**Problem description:** Where a picture appears, skip it and copy everything else in the listing exactly.

**Source data:**
········
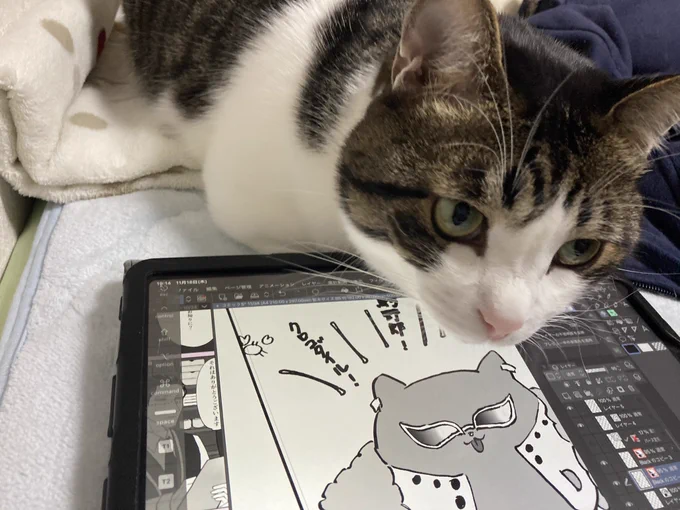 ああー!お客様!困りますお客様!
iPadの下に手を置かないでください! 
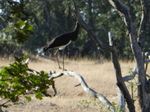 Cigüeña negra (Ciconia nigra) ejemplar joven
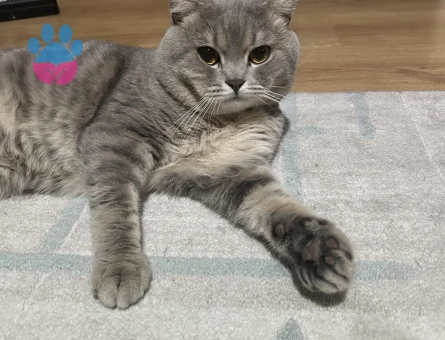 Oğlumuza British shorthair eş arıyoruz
········
**Answer space:**
 ああー!お客様!困りますお客様!
iPadの下に手を置かないでください! 
 Cigüeña negra (Ciconia nigra) ejemplar joven
 Oğlumuza British shorthair eş arıyoruz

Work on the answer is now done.